I'm not sure what you can tell from the closeup of the MC-12's audio board that tells you about build quality. To someone who has built and manufactured circuit boards, the Lexicon board is standard surface-mount, multi-layer design, which anyone who does conventional manufacturing processes would get. In other words, it doesn't speak to build quality. If you could get a copy of the layout, that would tell you lots more.
Here's what I appreciate about both pictures, the B&K and the Lexicon.
The B&K's biggest fault would appear to be doing voltage regulation far away, and off the board containing its op-amps and other ICs. See that board near the bottom, to the right of the transformer, with the rectifier, the 3 big purple electrolytic caps, and the giant bundle of wires coming out of it? There are two voltage regs which appear to set the voltages for the rest of the boards.
This is not good if you want good CMRR at the full-operating bandwidth of your ICs, especially the really fast ones. The local bypass structures might be OK on the B&K and may even mitigate this some, but clearly, the power regulation was built to a price point.

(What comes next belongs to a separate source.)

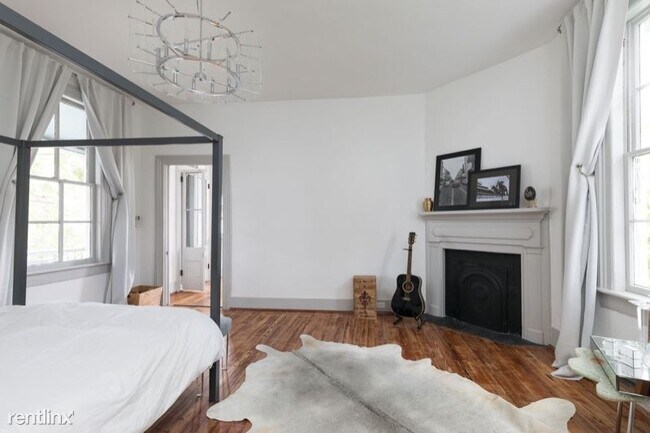 Building Photo - 1 br, 1 bath Condo - 20 Limehouse B Unit B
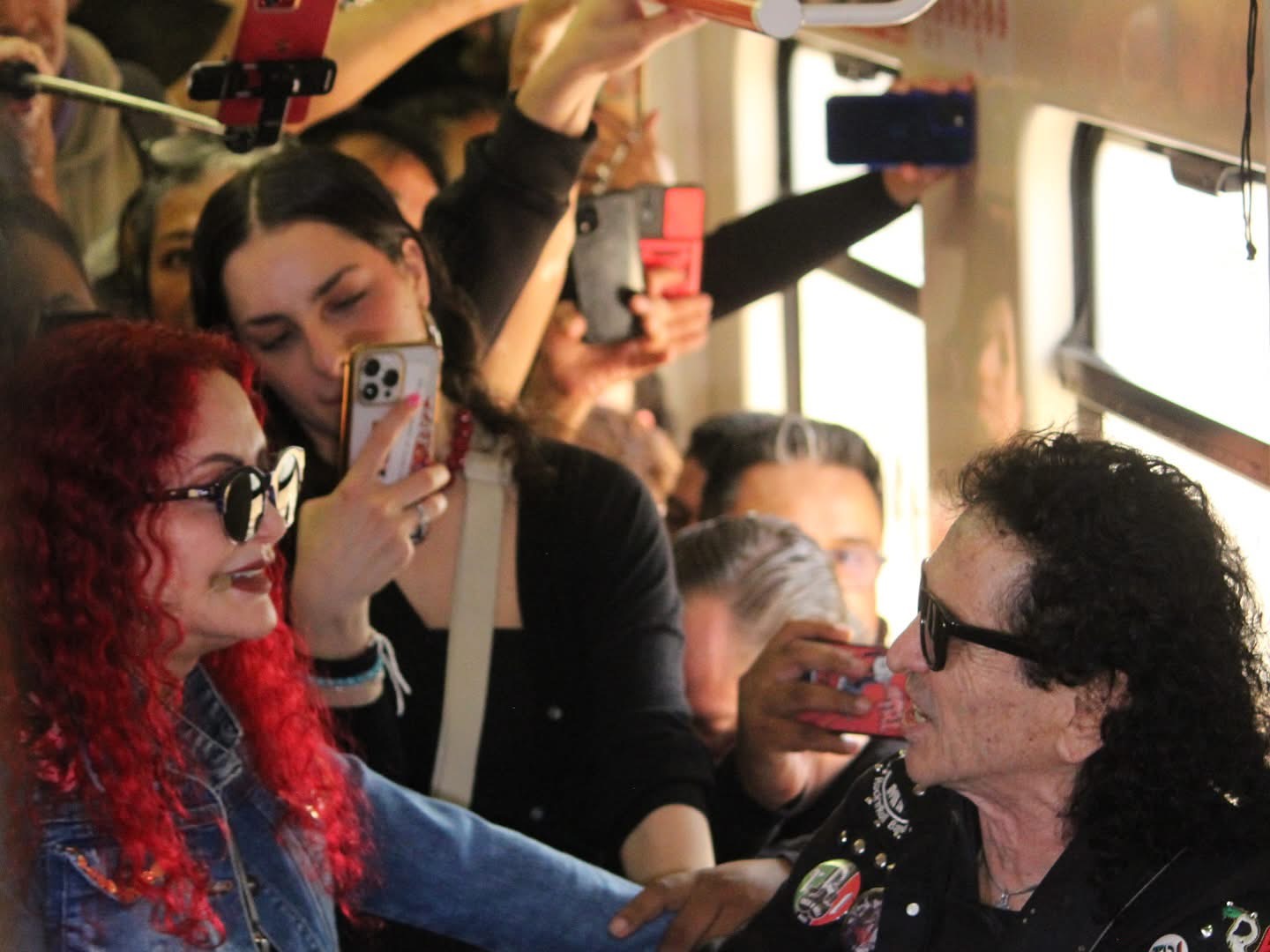 El Tri concierto en el tren Suburbano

The Lexicon on the other hand follows standard good practices for highish-speed design, unlike most high-end audio boards I've seen. They use multi-layer, surface-mount design. Multi-layer lets you route closer and tighter as well as use continuous ground planes to control return currents and shield from noise. Surface mount reduces parasitics from component packaging: the capacitors are closer to pure capacitors than the leaded (ie. components with wire leads, not Pb) caps you often see on "high-end" designs.

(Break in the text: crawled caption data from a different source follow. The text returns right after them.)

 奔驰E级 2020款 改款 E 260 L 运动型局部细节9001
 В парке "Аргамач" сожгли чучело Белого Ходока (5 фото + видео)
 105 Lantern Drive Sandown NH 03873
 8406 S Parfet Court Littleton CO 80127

These parasitics include inductance which slow down the response of the power supply bypass structures. Since many op-amps and DACs operate at many megahertz, and often much higher, it is essential to have a power supply bypass structure that responds at those frequencies. If you have a leaded bypass structure, you don't have that kind of response.
Also notable is the ferrite bead on the far left of the close-up picture of the Lex. The picture doesn't show the whole power regulation scheme, but having looked inside MC-12s, it is done with more care and attention to detail than most other power regulators I've seen. That ferrite bead is one indicator of what they did.

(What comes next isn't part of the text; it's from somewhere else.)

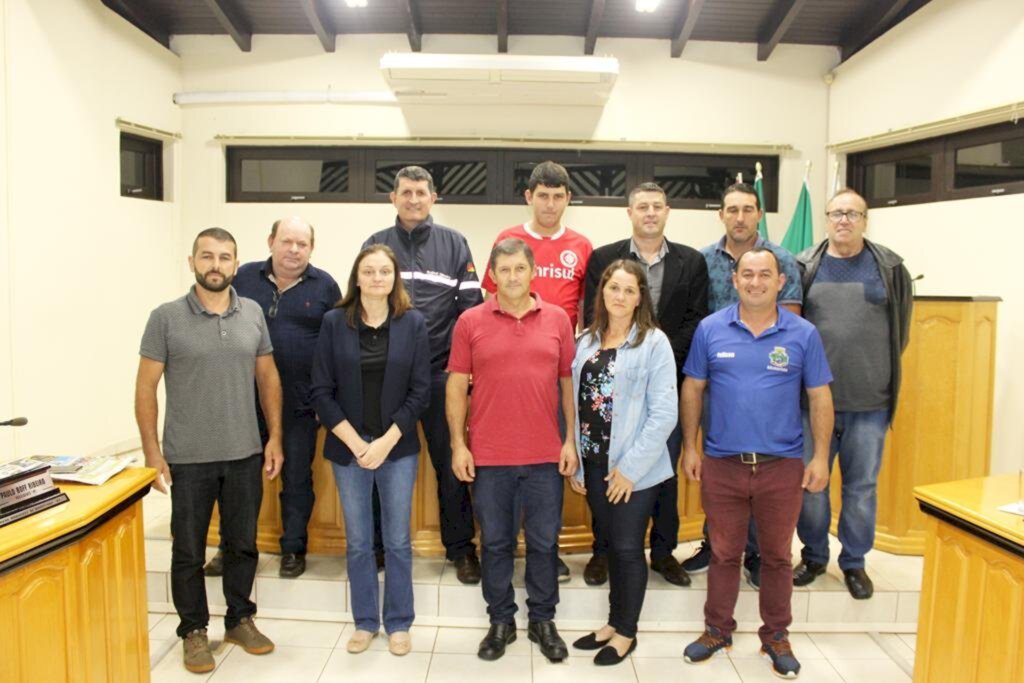 COMERCIANTES PEDEM NA CÂMARA  A VALORIZAÇÃO DO COMÉRCIO LOCAL EM MAMPITUBA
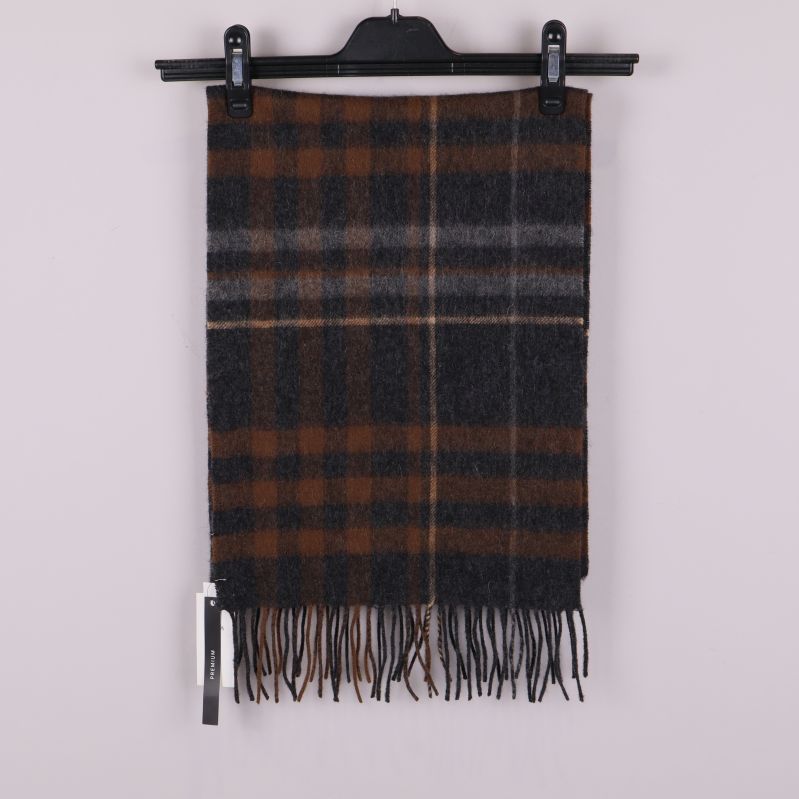 Halsduk i brunt och grått rutigt mönster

Having said that, one poor example of high-speed design is Theta's Extreme DAC board. Note all of the big yellow, bulbous caps on the DAC board (the board to the left of the board with the blue resistors). I would not be surprised if those were 2-layer boards. Considering how cheap 4-layer, nevermind 8-layer, and if you were charging high-end audio premiums, HDI boards, are, to me, this is one of the most inexcusable practices of high-end audio. The circuit layout expertise is like from the 70s. Based on this alone, the Lex already has much higher build quality.
The Theta's power regulators also have to work through that slow modular connection to the DACs. It's like B&K-style design!
And finally, I LOLed at the pink heatshrink on the two voltage regs near the bus connector that keeps it from shorting out pins. If you look at the Premium card in the same gallery
, they appeared to have fixed it by flipping the regs around. Build quality much?